I am a Principal Researcher and Research Manager in the DKI (Data, Knowledge, Intelligence) area at Microsoft Research Asia. I have been working in the same research group since I joined Microsoft in April 2006. I would like to summarize my research in the past over ten years as using data-driven techniques (e.g., machine learning, data mining, etc.) to enable industry-leading features and quality of Microsoft products. Before joining Microsoft Research, I received my M.E. and B.E. from Zhejiang University in 2006 and 2003, respectively.

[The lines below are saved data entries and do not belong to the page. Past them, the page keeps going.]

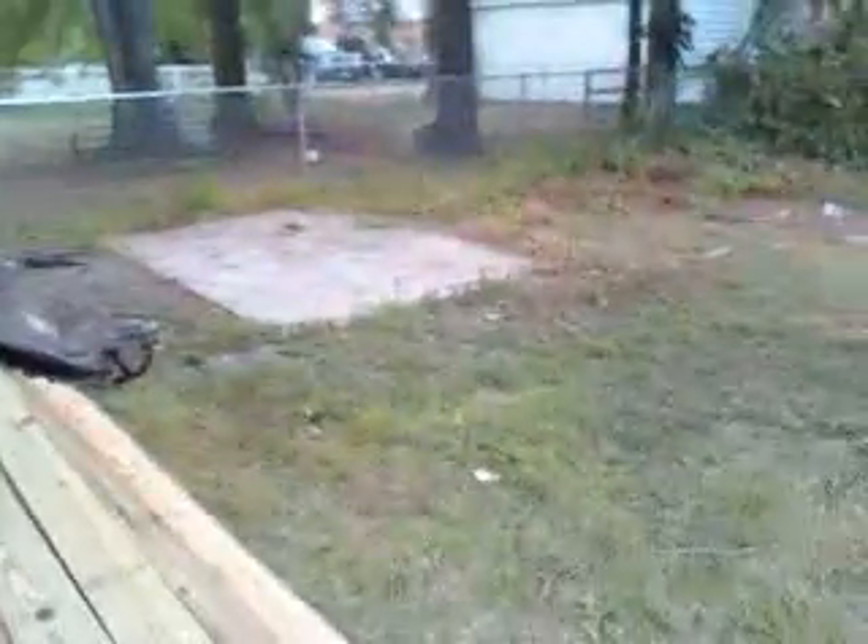I gotta clean it off before and all that. But yeah, it's going to be an 8x10. The door's going to be in the front there. I have two windows on each side.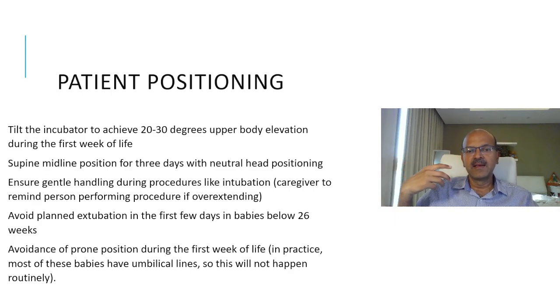In the smallest babies, sugar is labile, temperature changes are labile, and fluid balance is labile — you don't want to add more insult. Above 26 weeks, babies behave differently and you can extubate them at the earliest possible as suggested in the RDS guideline. We should avoid prone position during the first week of life; most of these babies have umbilical lines, so in practice we wouldn't turn them prone in any case.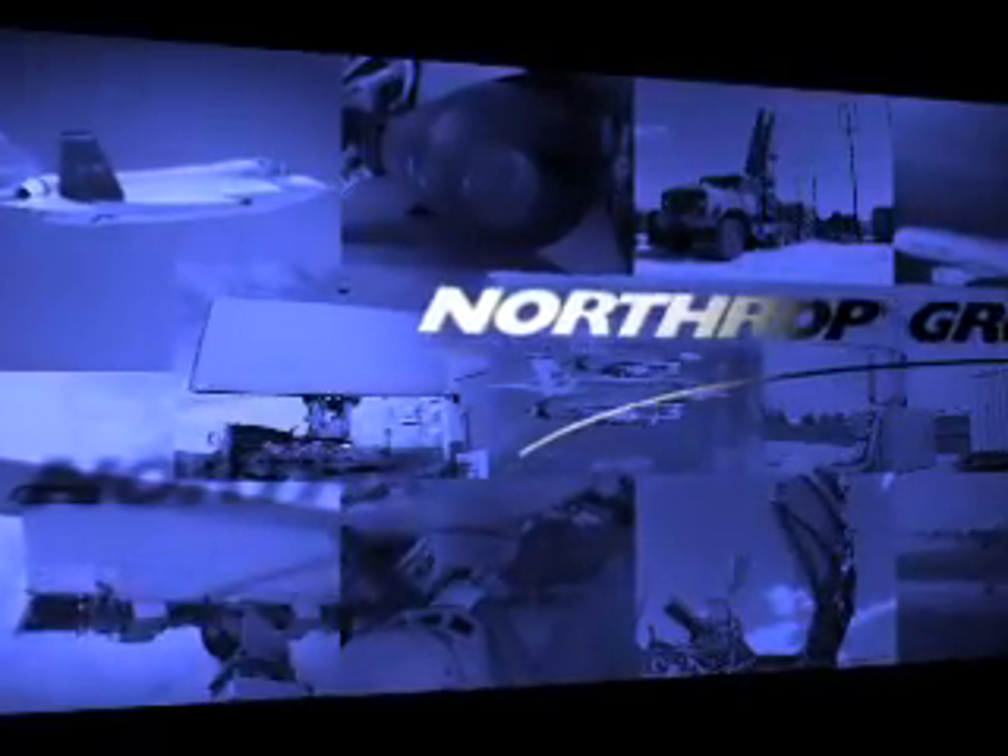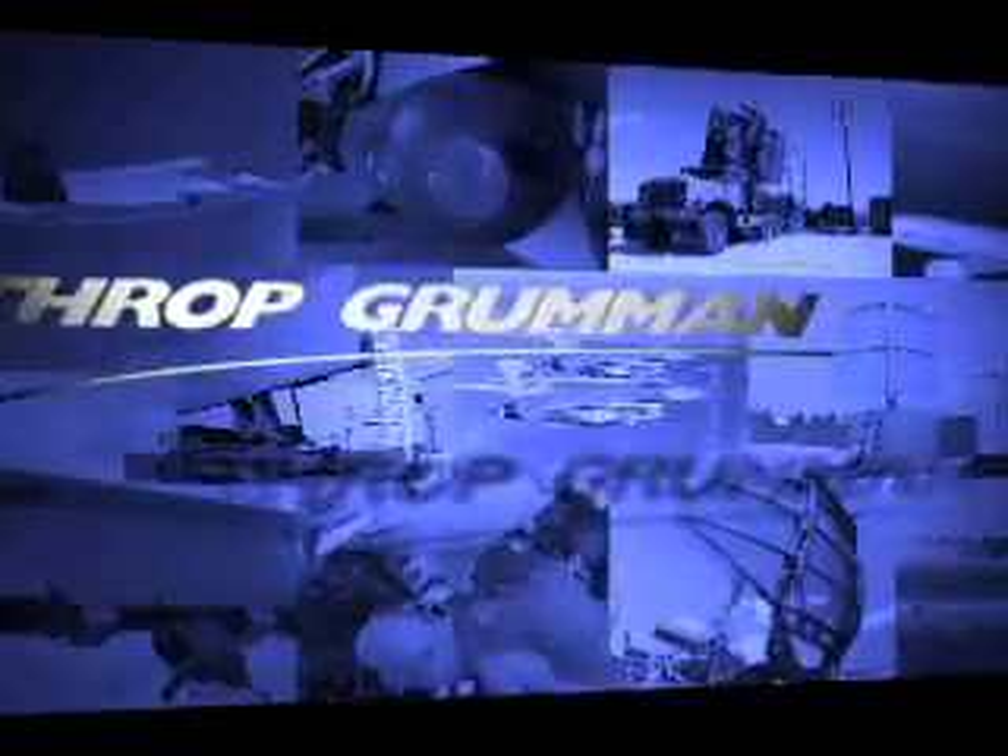Northrop Grumman Electronics Systems has established its world-class reputation through decades of performance and growth. We're known best for our radar and electronic warfare heritage, technology that traces back to the first land-based radar at Pearl Harbor. Through leaps in technology, our active electronically scanned array radars are fourth-generation success stories deployed all over the world.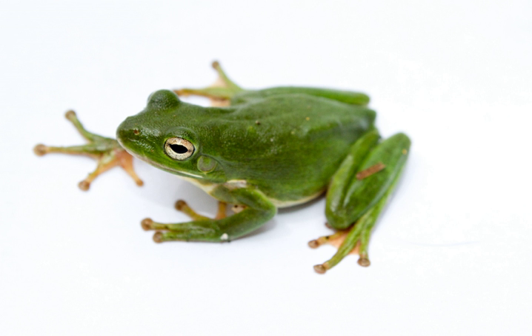American green tree frogs are insectivores, usually consuming flies, mosquitoes, and other small insects such as crickets. One study suggested the frog selects prey not by its size, but according to its activity level, with the most active prey being the most frequently eaten. The same study showed nearly 90% of prey were actively pursued, with the other 10% being insects walking or close enough to be snatched up by the frog's tongue.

- Machine learning, especially for software/system quality, programming languages, (semi-)structured data analytics
- Data mining, especially for multi-dimensional data analysis
EAReco was the project name of our research and tech-transfer of HMM-based handwriting recognition for East-Asian languages (i.e., Simplified Chinese, Traditional Chinese, Korean, and Japanese). It was my first project after joining Microsoft Research in Beijing. We advanced the state-of-the-art recognition accuracy, especially for the cursive writing style to an industry-leading height at that time. In addition, it also involved research and engineering to allow for fast performance and small model size. Our EAReco engine and models had been shipped with Windows 7.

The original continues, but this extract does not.